Project Details
Mechanical models for twisted cables and wire ropes involving complex contact interaction between fibers and their parts: mechanics of knots, splices and nets.
Subject Area
Mechanics
Theoretical Chemistry: Molecules, Materials, Surfaces
Theoretical Chemistry: Molecules, Materials, Surfaces
Term
from 2013 to 2018
Project identifier
Deutsche Forschungsgemeinschaft (DFG) - Project number 233359244
Wire strands, composite wire ropes and fiber bundles and their technical applications are posing very important practical problems as well as computationally challenging issues, which are mostly up to date unsolved, particularly also in the details.

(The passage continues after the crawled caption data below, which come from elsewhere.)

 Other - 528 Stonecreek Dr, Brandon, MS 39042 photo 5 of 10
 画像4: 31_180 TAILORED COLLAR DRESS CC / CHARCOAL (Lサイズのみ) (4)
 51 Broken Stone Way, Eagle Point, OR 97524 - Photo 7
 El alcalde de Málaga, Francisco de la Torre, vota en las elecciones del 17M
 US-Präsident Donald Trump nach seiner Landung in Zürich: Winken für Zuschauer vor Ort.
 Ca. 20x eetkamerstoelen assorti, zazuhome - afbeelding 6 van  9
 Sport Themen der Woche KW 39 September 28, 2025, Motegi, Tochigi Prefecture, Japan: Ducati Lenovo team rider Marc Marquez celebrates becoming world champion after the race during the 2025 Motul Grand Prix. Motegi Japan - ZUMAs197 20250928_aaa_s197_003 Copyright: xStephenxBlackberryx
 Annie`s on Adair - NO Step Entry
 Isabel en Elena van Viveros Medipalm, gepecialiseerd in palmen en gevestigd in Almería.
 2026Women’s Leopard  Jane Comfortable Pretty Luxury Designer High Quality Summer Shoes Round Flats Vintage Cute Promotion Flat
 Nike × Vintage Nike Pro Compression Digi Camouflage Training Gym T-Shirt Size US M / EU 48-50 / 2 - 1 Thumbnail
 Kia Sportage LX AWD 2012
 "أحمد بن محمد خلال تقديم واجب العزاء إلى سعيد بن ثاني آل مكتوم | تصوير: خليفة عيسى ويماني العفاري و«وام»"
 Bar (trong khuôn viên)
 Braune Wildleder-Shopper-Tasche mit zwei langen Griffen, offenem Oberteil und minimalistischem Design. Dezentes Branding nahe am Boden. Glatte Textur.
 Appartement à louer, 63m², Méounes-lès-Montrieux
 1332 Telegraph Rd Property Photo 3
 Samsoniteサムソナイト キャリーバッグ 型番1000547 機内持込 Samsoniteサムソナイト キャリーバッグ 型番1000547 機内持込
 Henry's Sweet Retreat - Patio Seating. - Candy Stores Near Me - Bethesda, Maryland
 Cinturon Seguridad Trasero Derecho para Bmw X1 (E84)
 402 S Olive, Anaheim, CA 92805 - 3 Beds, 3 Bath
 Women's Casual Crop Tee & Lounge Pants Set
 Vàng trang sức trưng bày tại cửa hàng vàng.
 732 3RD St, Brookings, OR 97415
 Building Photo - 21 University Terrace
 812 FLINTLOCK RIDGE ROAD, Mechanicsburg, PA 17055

Only somehow approximate formulas are available, but problems as sliding and friction of separate parts and with other bodies as well as the cross-sectional deformation – important for the failure, fracture and durability of such structures – still remain open.Mechanical interactions for composite wire ropes and cables require besides consideration of mechanics for a single wire also the development of contact models for various kinematical situations such as twisted and intersected wires, wire strands and composite wire ropes, fiber bundles and knots as well as fabrics. The “curve-to-curve”' contact approach allows to describe the full relative kinematics of deformations and gives the large possibility to create exact and not simplified models of wire ropes, which can be used also for homogenization in case of composite ropes.A special finite beam element model enriched with an isogeometric technique allowing $C1$-continuity and will be developed as a basic model of ropes and wires. As an essential and efficient alternative a curvilinear “solid-beam” element also allowing $C1$-continuity and various anisotropies will be created. The contact interaction inside knots and composite ropes will be enriched with the possibility of anisotropic friction including not only classical tangential interaction, but also torsional interaction separately for each curve. The contact interaction between ropes and surfaces will be enriched with a description of “curvilinear rope on an arbitrary curvilinear surface”. An exact model of a composite wire rope with precise kinematics (a separated wire is deformable and is in contact) will be created. The developed finite element models will definitely improve the knot mechanics and allow the correct description of the behavior of the composite wire rope as well as the correct contact simulation of textile connections by fibres, fiber bundles and complete textiles – an up-to-now computationally unsolved problem.